Ketiga, Tap in ke Mesin Pemindai Kartu, Setelah kamu memiliki tiket kartu pembayaran, kamu bisa lanjut ke mesin tap in/out otomatis. Pintu mesin terbuka saat kamu akan melakukan tap in/out kartu tersebut. Fungsi pintu pada mesin akan tertutup jika saldo dalam kartu kamu tidak cukup. Jadi, pastikan saldo tiket selalu ada bila hendak masuk naik MRT.  Teknologi ini sama persis dengan yang dipakai di kereta-kereta Jepang.




Keempat, Saat didalam stasiun, Antri di garis yang disediakan, Sambil menunggu kereta datang, kamu bisa duduk di bangku-bangku yang telah disediakan. Bagi yang sering naik KRL atau commuter line, pasti sudah tidak asing dengan garis batas dekat rel kereta. Pada MRT pun juga terdapat garis yang membantu penumpang agar bisa naik dan turun kereta lebih tertib dan aman.


Terdapat dua warna garis berbeda dekat pintu otomatis masuk kereta, yaitu warna hijau dan kuning. Pada garis panah hijau berfungsi untuk para penumpang yang akan keluar kereta, sedangkan garis kuning berfungsi untuk batas antrian para penumpang yang akan masuk ke dalam kereta.



Kelima, Selama menunggu kedatangan MRT, sebaiknya baca beberapa informasi yang ada, seperti salah satunya peta MRT, beberapa papan peta rute yang telah disediakan ini tentunya bermanfaat untuk mengetahui berapa banyak rute yang akan dilewati menuju stasiun tujuan kamu.
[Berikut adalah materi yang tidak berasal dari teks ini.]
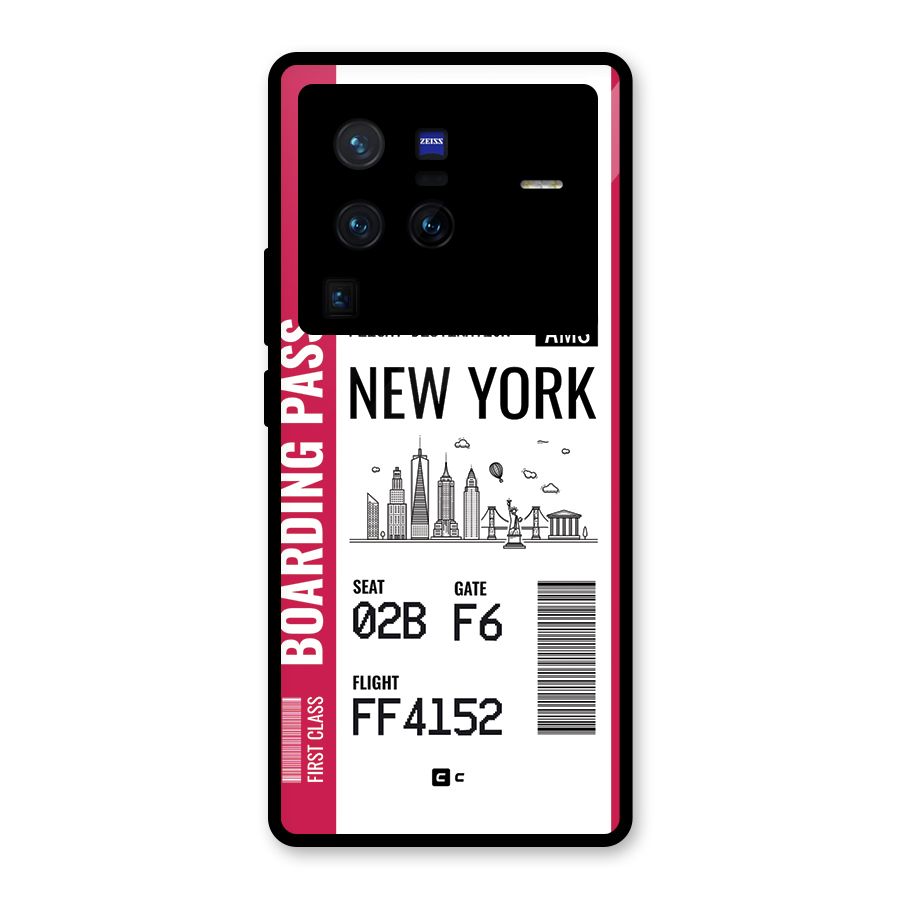 New York Boarding Pass Glass Back Case for Vivo X80 Pro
Selain itu, di dalam kereta pun juga terdapat peta digital.

Keenam, Saat kereta datang masuklah dengan tertib, utamakan penumpang kereta keluar terlebih dahulu, baru masuk ke dalam kereta.
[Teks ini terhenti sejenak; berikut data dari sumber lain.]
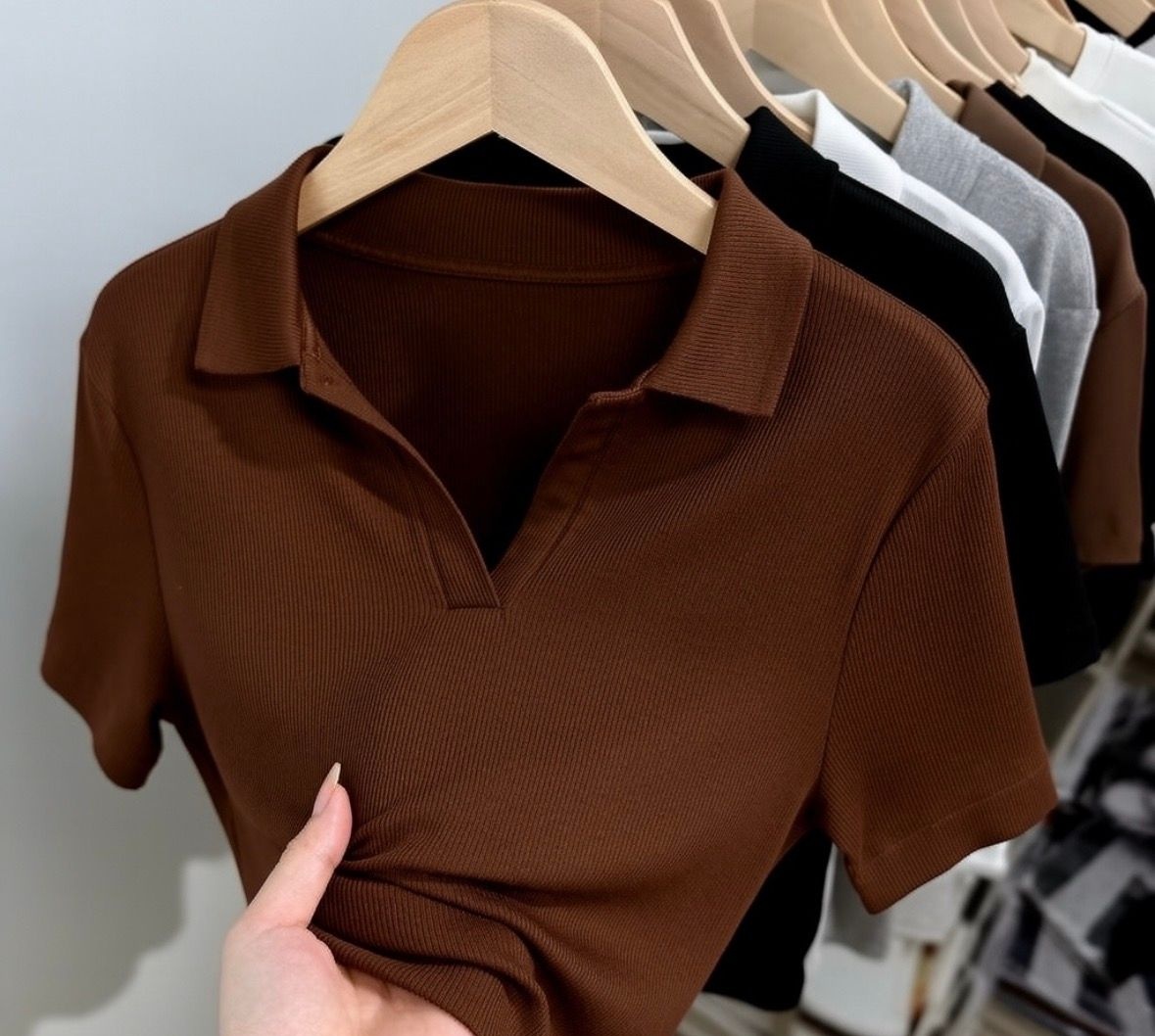 Kit 3 Blusa Feminina Gola Polo Canelada 3 cores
Ketujuh,Patuhi aturan yang berlaku, Karena MRT merupakan fasilitas transportasi umum, maka kamu harus menjaga perilaku selama di dalam stasiun dan kereta. Terdapat beberapa aturan yang diberlakukan pihak MRT untuk para penumpang demi menjaga keamanan dan kenyamanan selama naik kereta.





Beberapa aturan itu di antaranya, tidak boleh makan atau minum di area stasiun dan di dalam kereta karena aromanya akan mengganggu penumpang lainnya. Kemudian, tidak boleh berdiri dekat dengan pintu otomatis kereta demi keamanan penumpang. Lalu, utamakan kursi prioritas bagi penumpang manula atau ibu hamil ya.


Itulah beberapa tata cara untuk  mencoba moda transportasi ibukota yang baru yaitu MRT. Semoga bermanfaat.